The Art & Science of
In 2003, when the war in Afghanistan was gaining strength and U.S. tanks tore through Baghdad, I joined the Army. I was alone when I did. My family had no living (or dead) relative in our history that joined any army willingly or under forced conscription. But I had done so eagerly that it bordered on recklessness.
I joined out of a sense of patriotism, love for a country that had given me a home in New York. The five boroughs and iconic sights like the greening Statue of Liberty beckoning the world to send the huddled masses, the Museum of Natural History whose treasures were guarded by a Rough Rider, the smells of brick oven pizzerias on the avenue, the sounds of traffic and the 4,5,6 trains slithering like steel serpents, the feel of high towers and the black of smoldering ground that came after. It was a New York I called home, and I was trying to make it here.

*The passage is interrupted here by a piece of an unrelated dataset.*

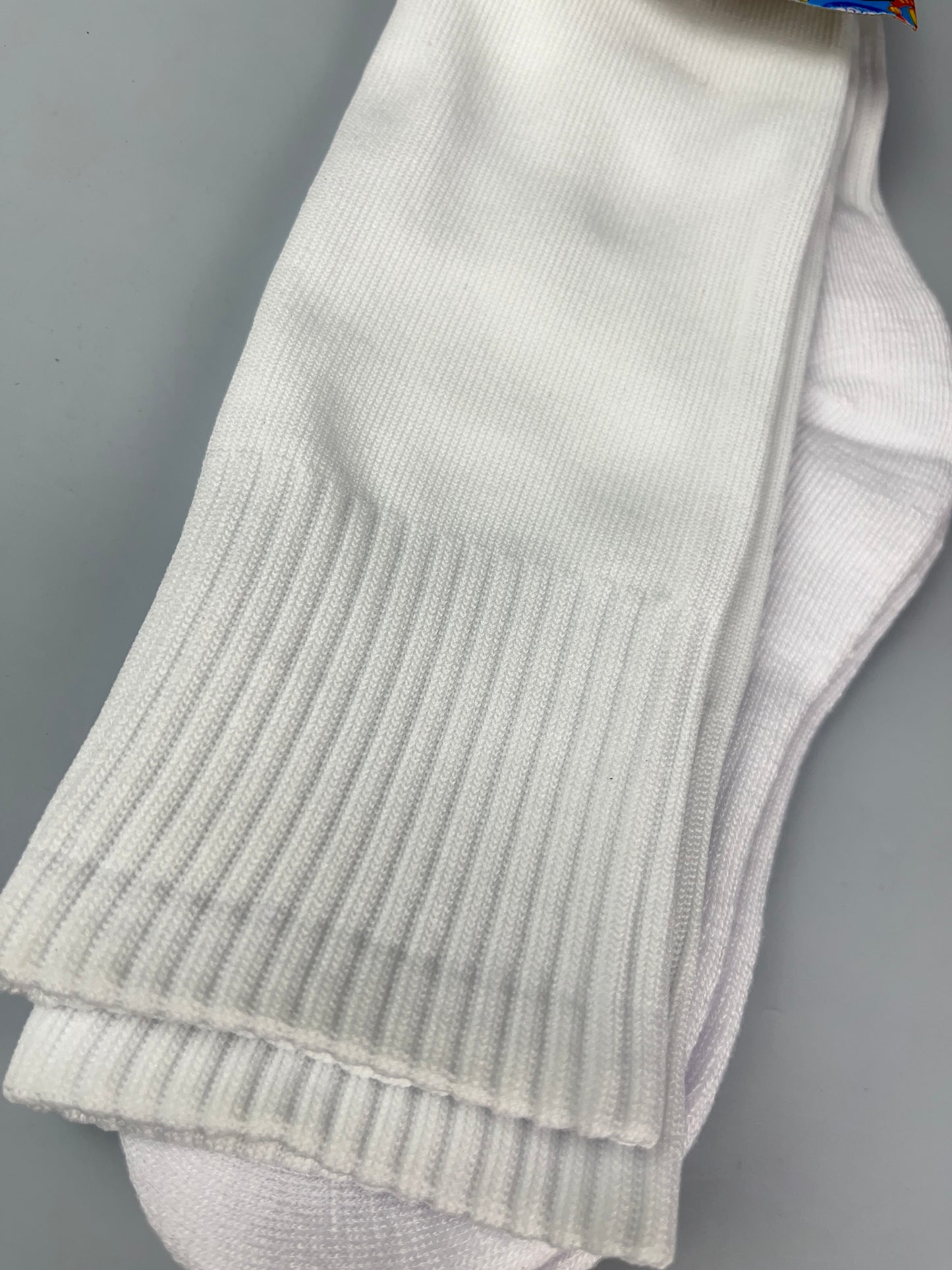 White Knee Length Football Socks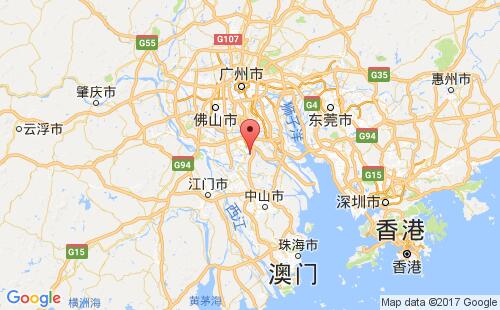 中国港口容奇,顺德rongqi,shunde港口地图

I was a sophomore at St. John's University when I joined the Army. I had long lists of plans, among one was to strike the heart on the criminal justice system as some super lawyer. Taking the safe road of a well paid professional with a penchant toward self piety (theology minor) my plans were certain.
The career prospects for a theologian was limited and having no ambition to live hungry, poor and wretched, I plotted a clean honorable future as a prosecutor or defense attorney.
Then I walked by a U.S. Army poster. It showed men, cloaked in darkness and in a tint of green, wading through mud with this quote:
"We sleep safely in our beds because rough men stand ready in the night to visit violence on those who would harm us."